### TASK BRIEF
Your reply should consist of the entries, copied exactly and stripped of images.

### DATA EXCERPTS
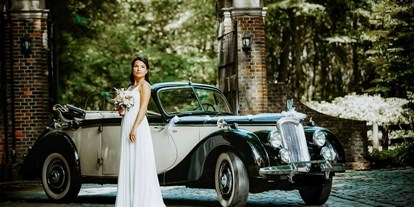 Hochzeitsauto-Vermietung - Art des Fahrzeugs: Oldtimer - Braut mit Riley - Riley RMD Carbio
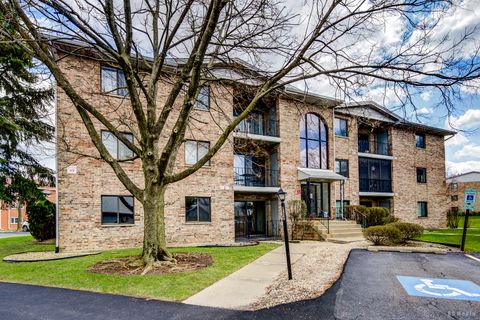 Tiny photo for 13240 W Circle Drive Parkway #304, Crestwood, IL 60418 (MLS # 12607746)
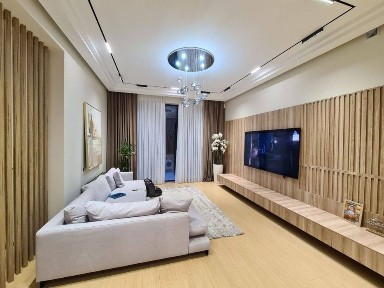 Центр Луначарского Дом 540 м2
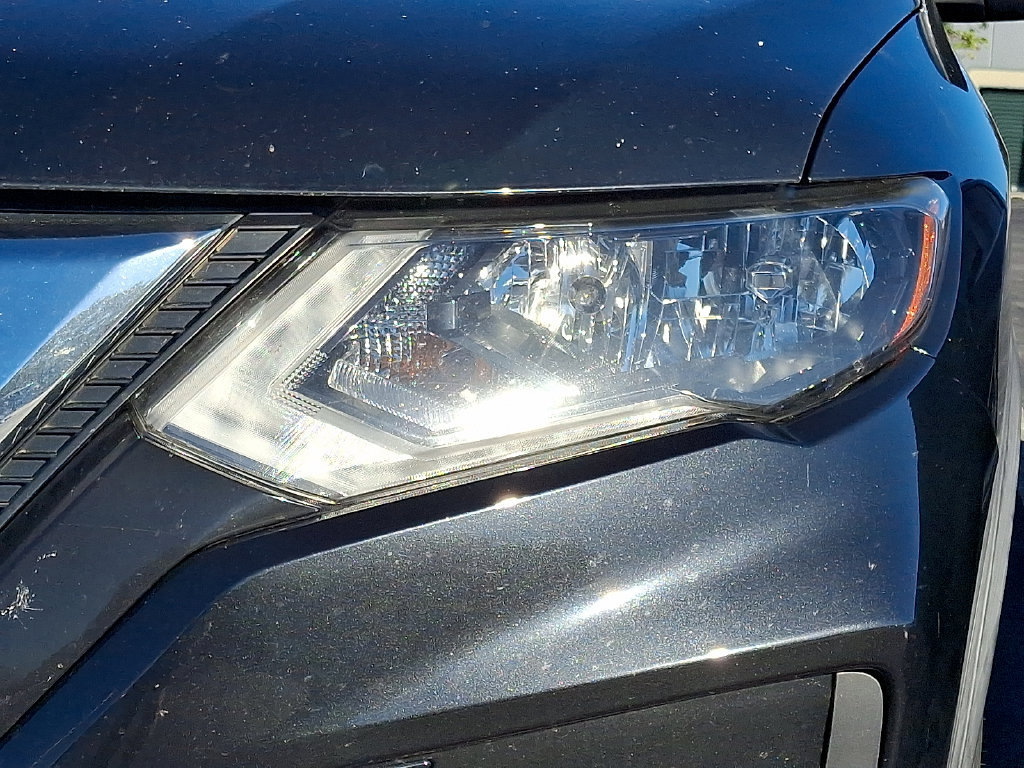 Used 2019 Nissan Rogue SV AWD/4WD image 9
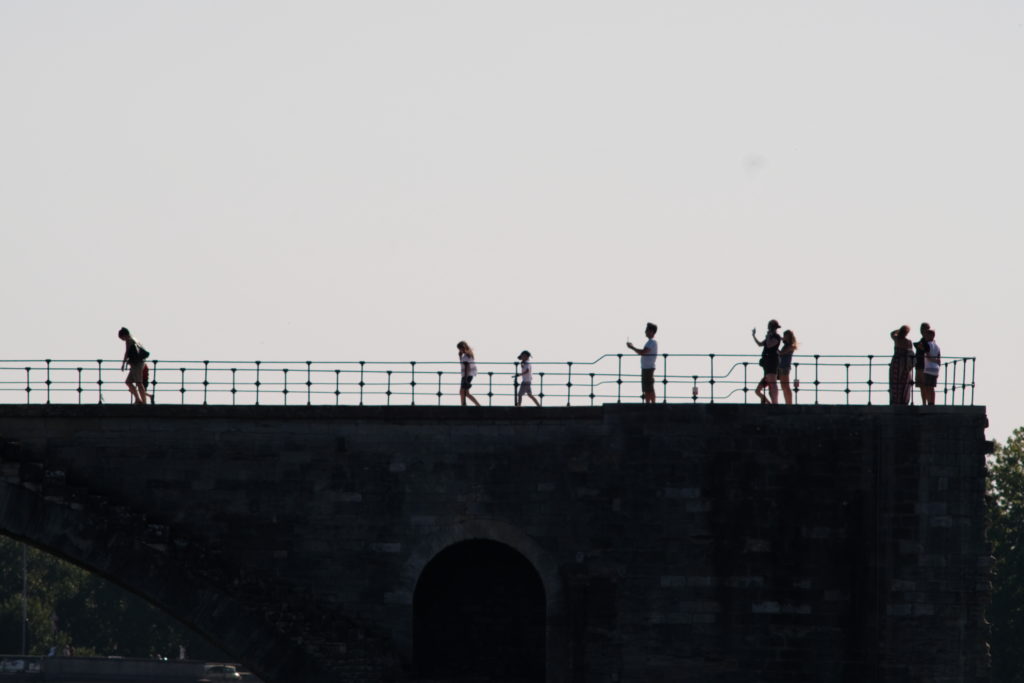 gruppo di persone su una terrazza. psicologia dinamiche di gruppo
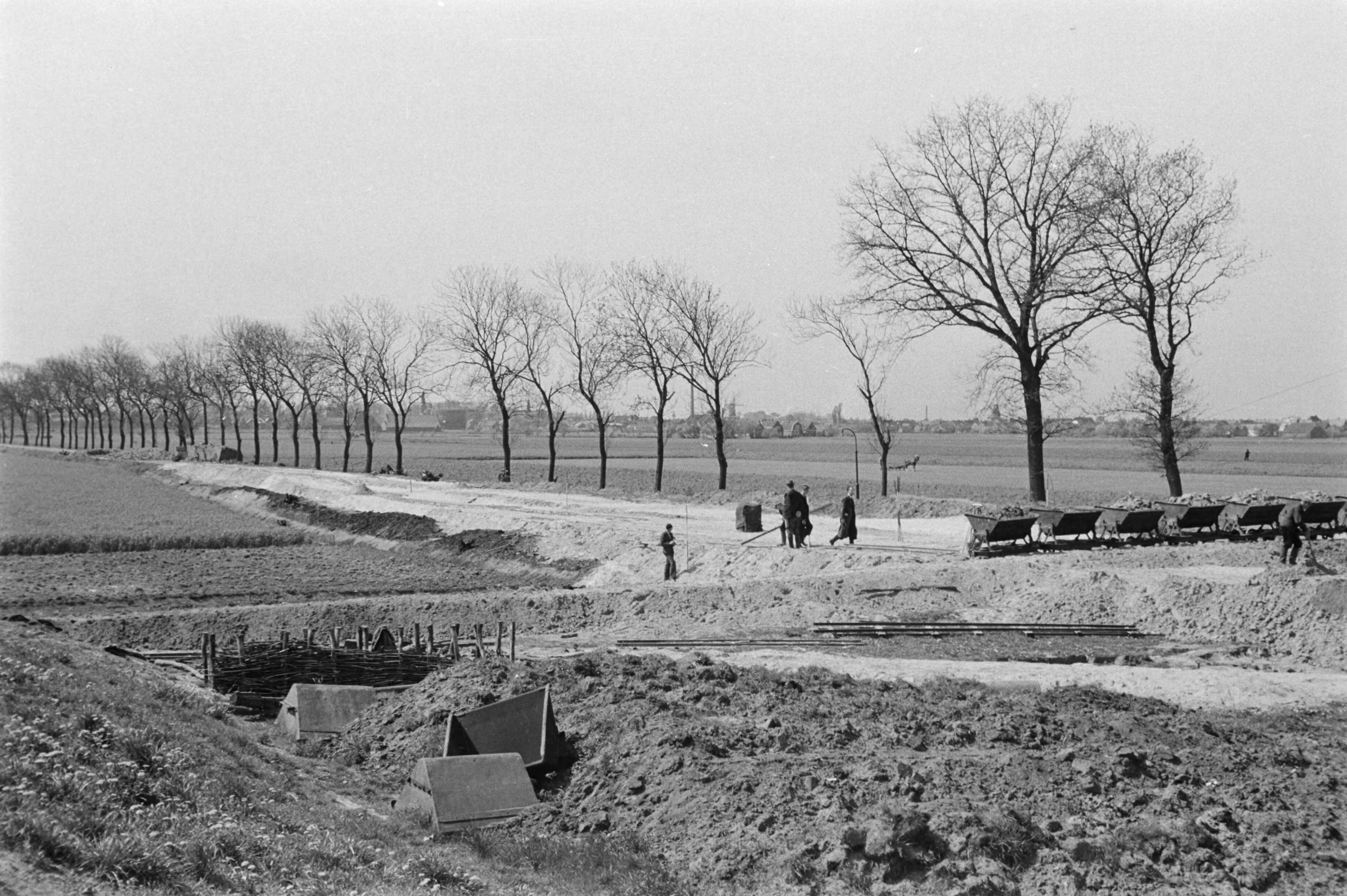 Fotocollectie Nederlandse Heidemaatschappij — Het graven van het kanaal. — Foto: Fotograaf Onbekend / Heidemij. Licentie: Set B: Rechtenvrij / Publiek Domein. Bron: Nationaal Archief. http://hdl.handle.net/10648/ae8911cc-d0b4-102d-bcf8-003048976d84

### SOLUTION TO THIS EXERCISE
 Hochzeitsauto-Vermietung - Art des Fahrzeugs: Oldtimer - Braut mit Riley - Riley RMD Carbio
 Tiny photo for 13240 W Circle Drive Parkway #304, Crestwood, IL 60418 (MLS # 12607746)
 Центр Луначарского Дом 540 м2
 Used 2019 Nissan Rogue SV AWD/4WD image 9
 gruppo di persone su una terrazza. psicologia dinamiche di gruppo
 Fotocollectie Nederlandse Heidemaatschappij — Het graven van het kanaal. — Foto: Fotograaf Onbekend / Heidemij. Licentie: Set B: Rechtenvrij / Publiek Domein. Bron: Nationaal Archief. http://hdl.handle.net/10648/ae8911cc-d0b4-102d-bcf8-003048976d84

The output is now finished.